The dbt project contains all the SQL statements necessary for migration, located in the models folder. The goal of the tools is to process these files and replicate the same organizational structure for Flink SQL statements, which includes sources, intermediates, staging, dimensions, and facts. Additionally, the tools aim to automate parts of the migration process.

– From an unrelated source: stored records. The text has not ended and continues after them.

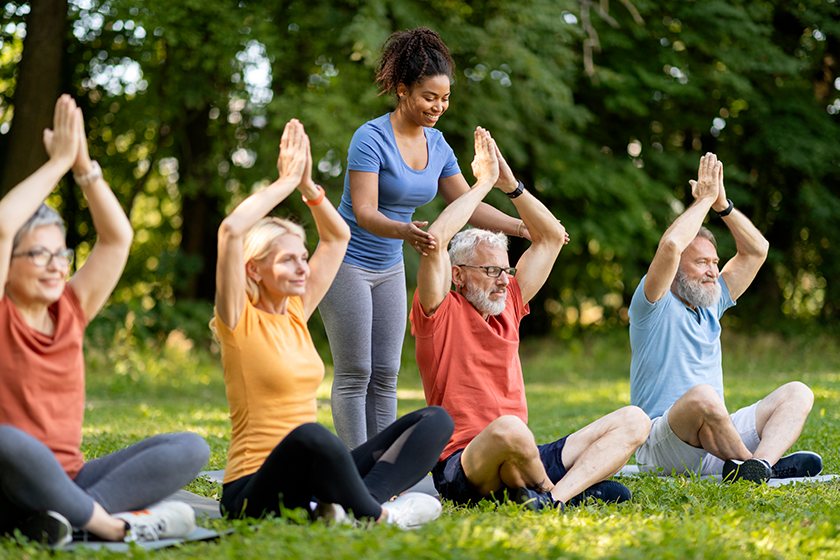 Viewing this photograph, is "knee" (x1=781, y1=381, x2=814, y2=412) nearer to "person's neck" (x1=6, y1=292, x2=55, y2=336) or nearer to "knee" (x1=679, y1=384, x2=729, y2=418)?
"knee" (x1=679, y1=384, x2=729, y2=418)

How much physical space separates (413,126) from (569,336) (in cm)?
1200

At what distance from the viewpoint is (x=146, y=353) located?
36.1 feet

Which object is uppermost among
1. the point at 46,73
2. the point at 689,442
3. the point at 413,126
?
the point at 46,73

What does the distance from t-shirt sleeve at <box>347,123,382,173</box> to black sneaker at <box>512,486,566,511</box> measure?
1579mm

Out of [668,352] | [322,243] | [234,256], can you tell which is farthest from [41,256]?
[668,352]

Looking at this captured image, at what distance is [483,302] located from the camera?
354 cm

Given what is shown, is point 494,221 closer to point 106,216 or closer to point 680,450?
point 680,450

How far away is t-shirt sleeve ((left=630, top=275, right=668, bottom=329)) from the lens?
13.9 ft

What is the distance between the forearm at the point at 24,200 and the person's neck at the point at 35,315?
0.24 m

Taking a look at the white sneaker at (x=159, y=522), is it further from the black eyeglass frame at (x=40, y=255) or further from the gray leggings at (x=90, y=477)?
the black eyeglass frame at (x=40, y=255)

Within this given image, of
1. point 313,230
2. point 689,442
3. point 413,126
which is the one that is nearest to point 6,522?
point 413,126

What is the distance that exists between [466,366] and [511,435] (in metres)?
0.44

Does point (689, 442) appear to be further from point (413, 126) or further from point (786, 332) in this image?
point (786, 332)

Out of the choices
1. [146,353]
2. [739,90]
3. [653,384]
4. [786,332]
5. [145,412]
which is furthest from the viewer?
[786,332] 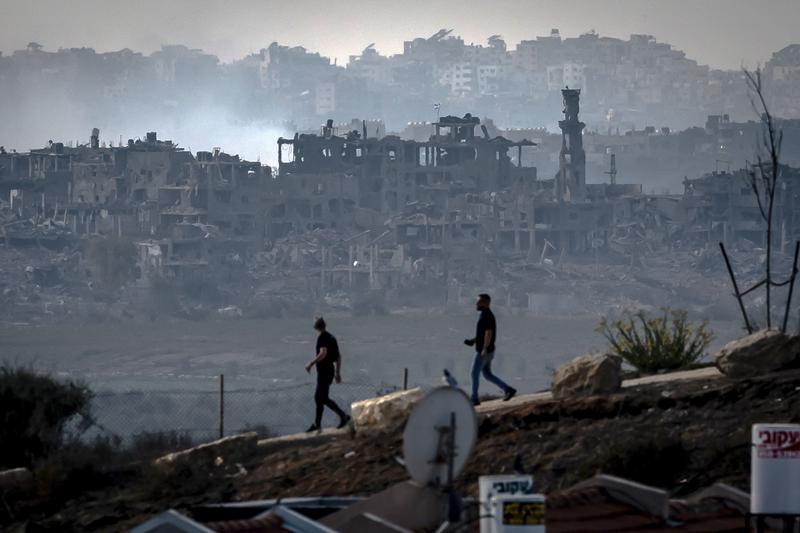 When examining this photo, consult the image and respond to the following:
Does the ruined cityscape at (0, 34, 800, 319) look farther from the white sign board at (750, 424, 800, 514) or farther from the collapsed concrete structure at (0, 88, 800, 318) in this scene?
the white sign board at (750, 424, 800, 514)

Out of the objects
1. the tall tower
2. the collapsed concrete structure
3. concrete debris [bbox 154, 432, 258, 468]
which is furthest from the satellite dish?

The target structure will look like in the following example:

pipelines
├── dimensions
│   └── {application_name}       └── {dimension_name}           ├── Makefile
│           ├── sql-scripts
│              ├── ddl.{dim_name}.sql
│              └── dml.{dim_trainee}.sql
│           └── tests
├── facts
│   └── {application_name}       └─── {fact_name}           ├── Makefile
│           ├── sql-scripts
│              ├── ddl.{fact_name}.sql
│              └── dml.{fact_name}.sql
│           └── tests
├── intermediates
│   └── {application_name}       └─── {fact_name}          ├── Makefile
│          ├── sql-scripts
│             ├── ddl.{intermediate_name}.sql
│             └── dml.{intermediate_name}.sql
│          └── tests
├── sources
│   └── {application_name}       ├── {src_name}           ├── Makefile
│           ├── dedups
│              └── dml.{src_name}.sql
│           └── tests
│               └── ddl.{src_name}.sql

Source Topic management

In some ETL or ELT pipelines, Kafka topics may be the source of the pipeline. A classical example is when a change data capture mechanism is deployed and get records from existing SQL database to Kafka Topics. One topic per table. The architecture looks like in the following diagram:

When migrating to real-time processing, using Confluent Cloud and Flink compute pool, the source topics may be reused and the Flink Statement will do mostly the same processing as the ELT. Confluent Cloud for Flink creates tables from topic and get the schema from the schema registry.

The name of the table matches the name of the topic and the table schema maps to the topic-value schema.

Adopt the naming convention from the change data capture, like Debezium for the topic. Any naming convention based on the environment like dev, staging, or production, will impact any DML statements. In Confluent Cloud the environment groups one to many Kafka clusters and multiple Flink compute pools. The topic name can be the same between Kafka cluster so the same DML statement can be used in different conpute pool.